Friday, August 28, 2009

Friday Fragments

Hmm...I'm beginning to think my lovely, thoughtful, fascinating blog is going to be reduced to Flartus' Friday Fragments.


Well, I know I've mentioned it a few times before, but let me be explicit about my sudden new work schedule. As my handful of regular--and very much valued--readers know, I recently accepted a part-time teaching position. Yay! Very exciting; an adjustment to the schedule, but after a few weeks, I knew it would be fine.

So my Monday through Wednesday evenings are taken. No prob; I still have the rest of the week, right?

WRONG! Ever hear of a little government program called Cash for Clunkers? Well, my day job is in auto loans, and our volume has suddenly tripled. Besides working 10- to 12-hour days during the week, my department has worked every Saturday since...well, sometime in July. And it's going to continue for at least another two weeks. The worst thing is, 50 hours a week still leaves us 3 days behind!

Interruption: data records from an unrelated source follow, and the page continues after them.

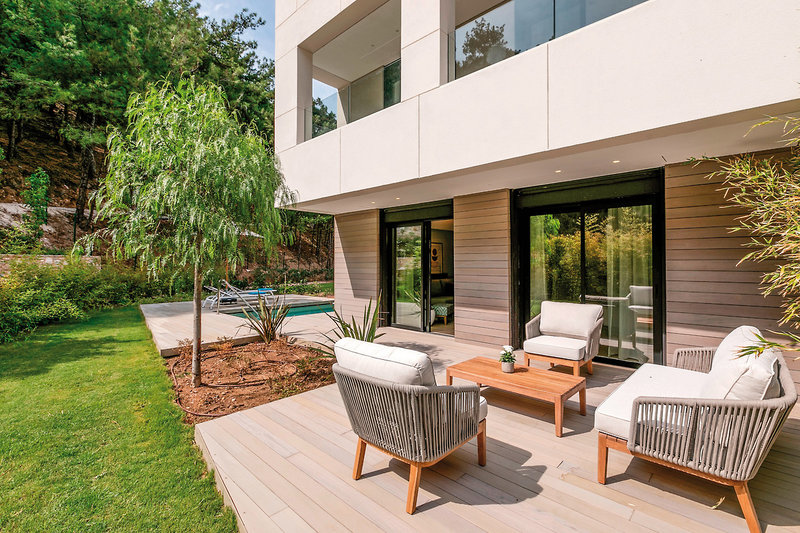 Vathi Cove Luxury Resort & Spa 10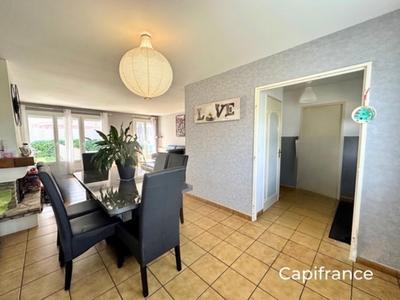 Maison - 120 m² - 4 pièces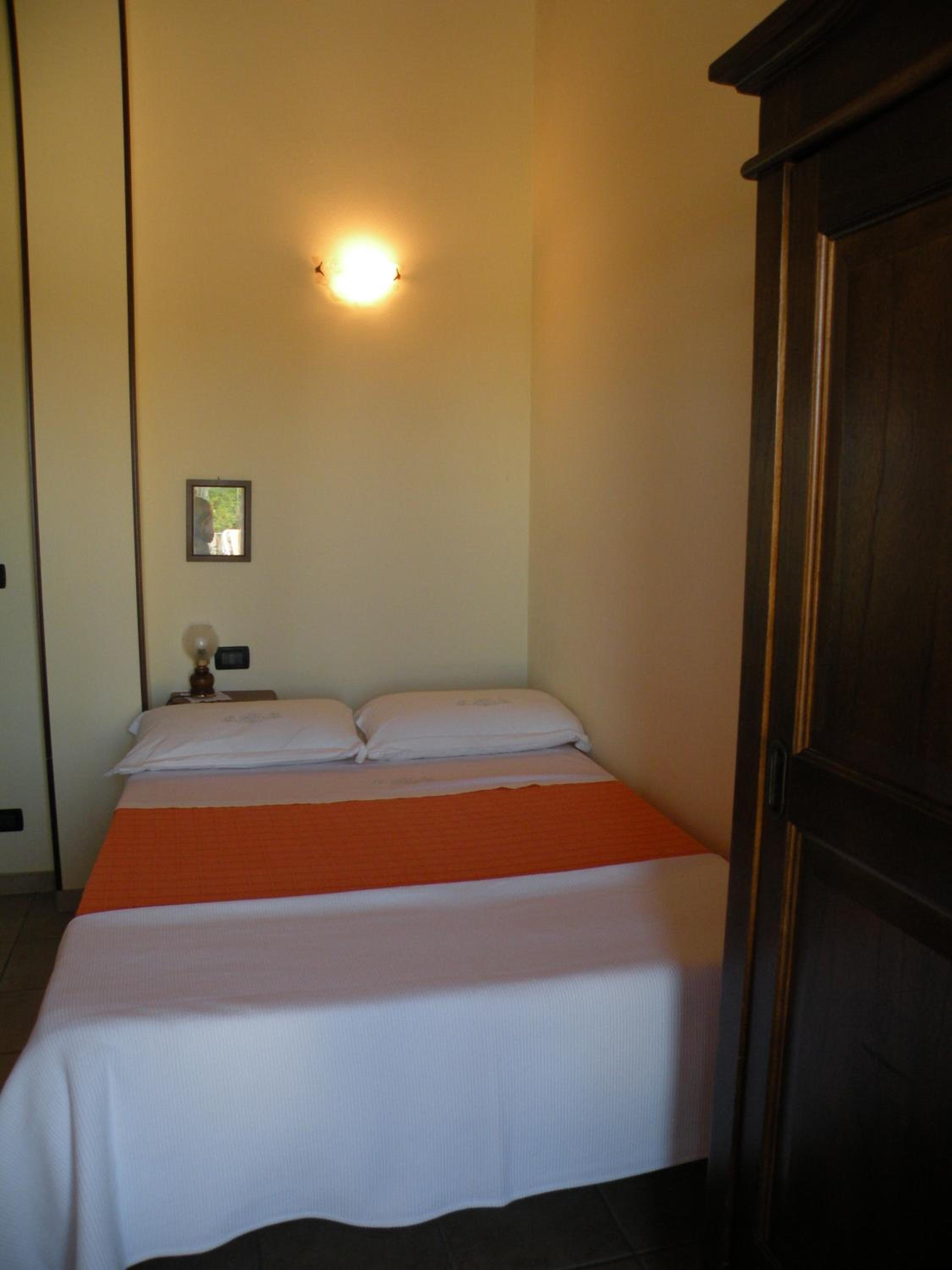 Double or Twin Room - Photo 4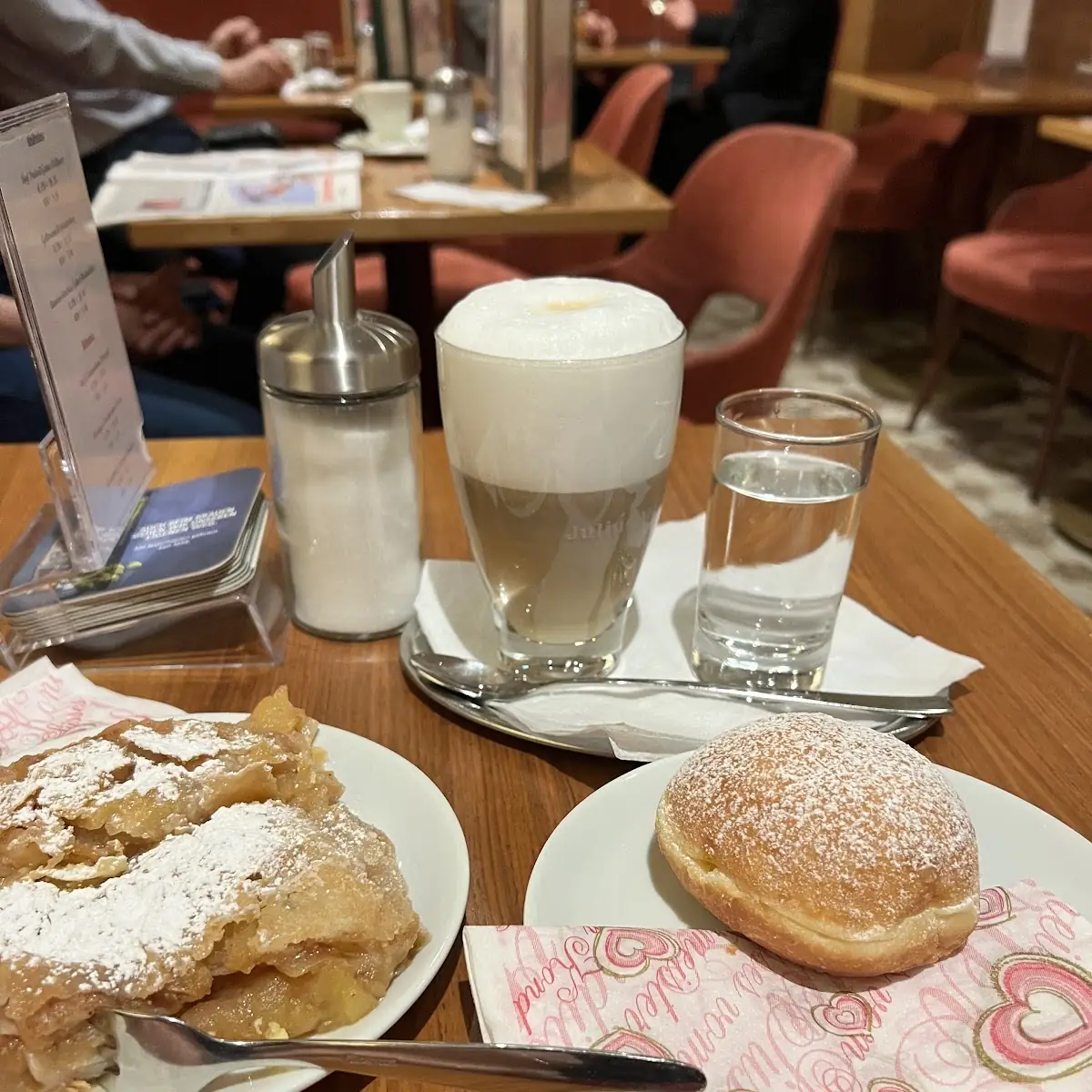 Apfelstrudel
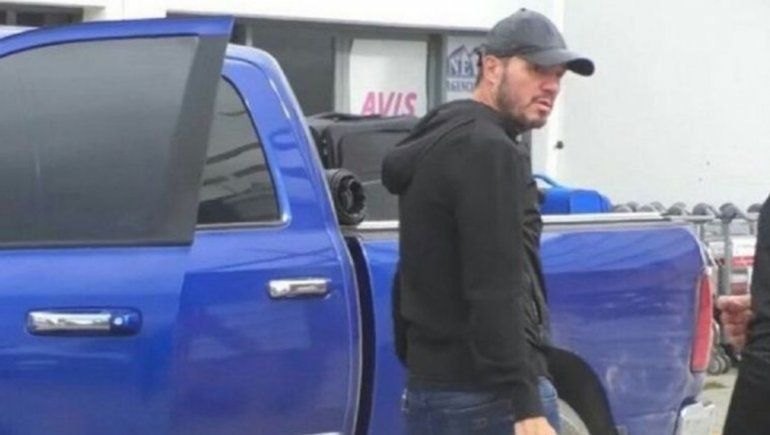 A contra reloj: Tinelli viaja rumbo a Buenos Aires tras un pinchazo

Now, I don't want to complain (not that I haven't been complaining on my tired, panicky days!). I'm paid hourly, so the overtime isn't hurting the bank balance. And Miss Chef has been working these kinds of hours for at least 4 years, so I know it's not the end of the world. But that's why I haven't been to the farmers' market in a month. And why I dropped the ball on the garden, the canning, the teaching stories and the food pics. There has been very little cooking in the Flartus household! Hopefully by the end of September, I'll have some more time to share with you all.

So, anyway, off to the Fragments!

Brussels sprouts THIS is how they grow:

They start out like any little cabbage plant. As they grow taller, you cut off the lower leaves, promoting larger buds. You can see some of the leaves on the ground around this plant. I didn't realize they would need cutting every week or two. But Miss Chef was the one who wanted to try these out, so I figured everything I did was extra, anyway. :)

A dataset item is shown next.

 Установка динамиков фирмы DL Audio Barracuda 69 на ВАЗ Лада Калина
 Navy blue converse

Here's a close-up of the growing stalk.

Miss Chef's Birthday Well, falling on a Saturday, this was going to be another working birthday for Miss Chef. In fact, she and I both went to school Saturday morning: she to do a demo for the open house, me to work on my lesson plans (our computer was still down, so I needed to go onto campus anyway.) We had lunch together at O'Charley's, where our food runner turned out to be one of my students. That happened fast; I'd only been teaching for a month before I ran into a student. Anyway, we each went off to our separate workplaces after that.

But it wasn't all lame-o work stuff. As he did last year, Chef Adam made Miss Chef a cake, and they called me from the restaurant to come for post-service cake & drinks. Which meant driving half an hour and arriving at 10 pm. But you know I love the post-service family-meal time there, and Chef once again ended up telling stories and acting out weird previous employees, so it was worth the drive. Plus, the cake was really good!

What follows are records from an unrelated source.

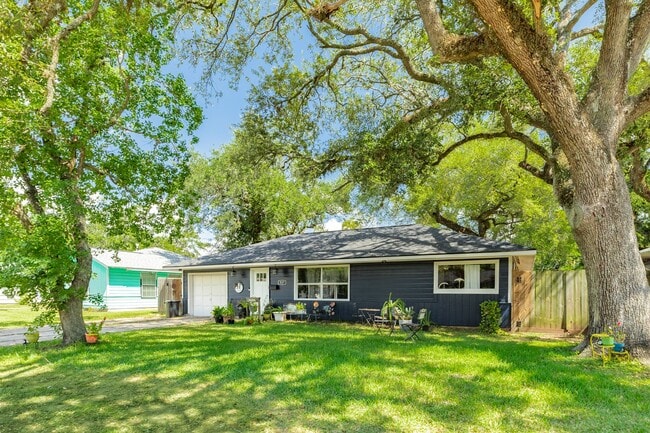 Building Photo - 527 Gardenia St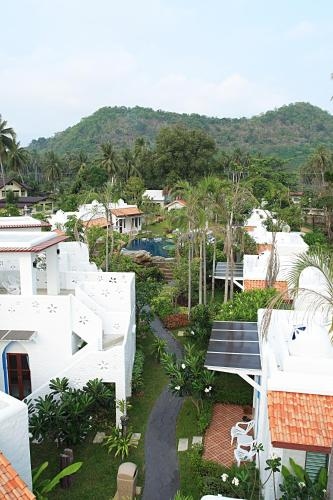 บ้านมนตราบีช รีสอร์ท-บ้านกรูด (Baan Montra Beach Resort - Bankrut)0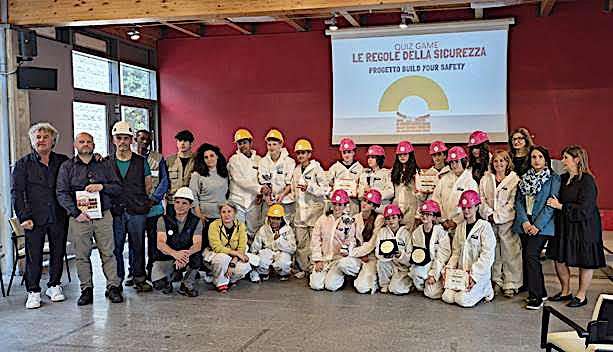 “Build your safety”: premiati gli studenti delle scuole medie umbre “Build your safety”: premiati gli studenti delle scuole medie umbre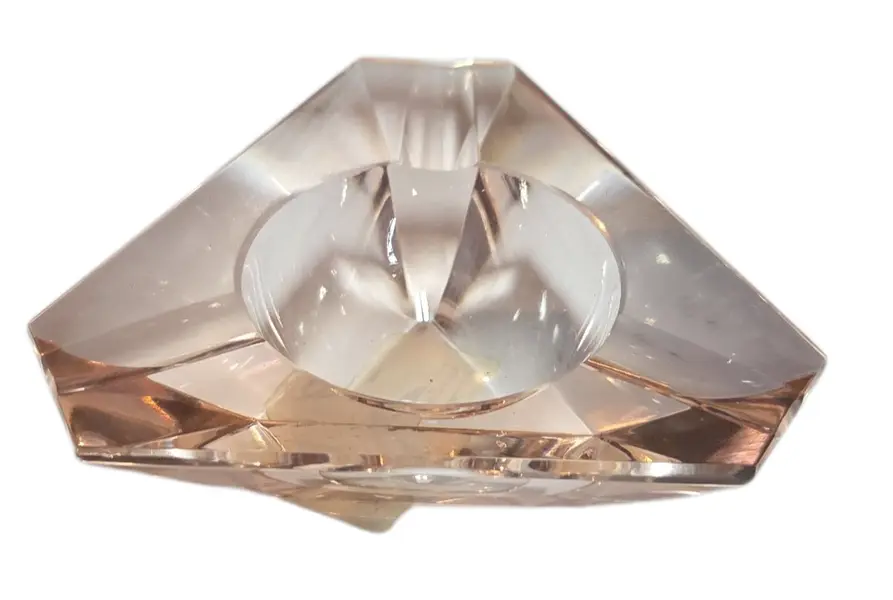Foto de um(a) Cinzeiro Cristal - Triangulo, da categoria de Cinzeiros. O ápice da elegância funcional. Este cinzeiro é esculpido em cristal de alta transparência, apresentando lapidações... Vendido no marketplace Trésors.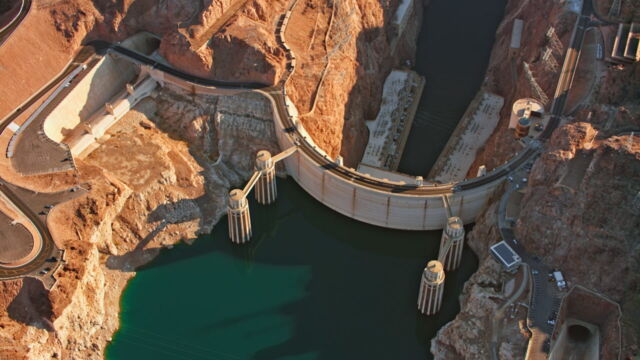 Vignette du programme télé Hoover: le barrage XXL qui illumine Las Vegas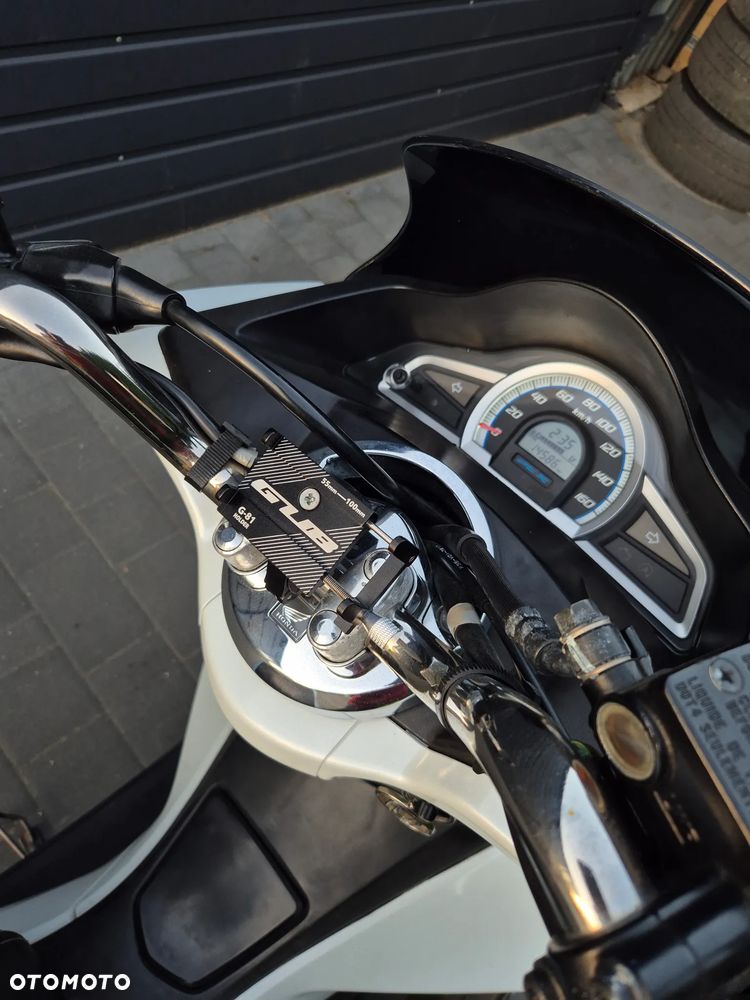 Honda PCX - 4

Sunday we went to see a free Shakespeare Festival rendition of Julius Caesar. It was not as good as the Twelfth Night show we had seen the month before, but we met up with Michele's (of Bosky Acres) two oldest kids, and stumbled upon an excellent little soul-food restaurant for dinner afterwards. So it was still a fun change of pace.

Teaching I love realizing that my students and I have established a group relationship. They know my sense of humor, I know more about their interests, strengths and weaknesses, and I've encouraged a number of them through some frustrations and bad grades. I may have finally figured out how to use the book: have the students read the bare-bones content before class, then flesh it out next session with more examples, explanations and practice. I'll see Monday how that works.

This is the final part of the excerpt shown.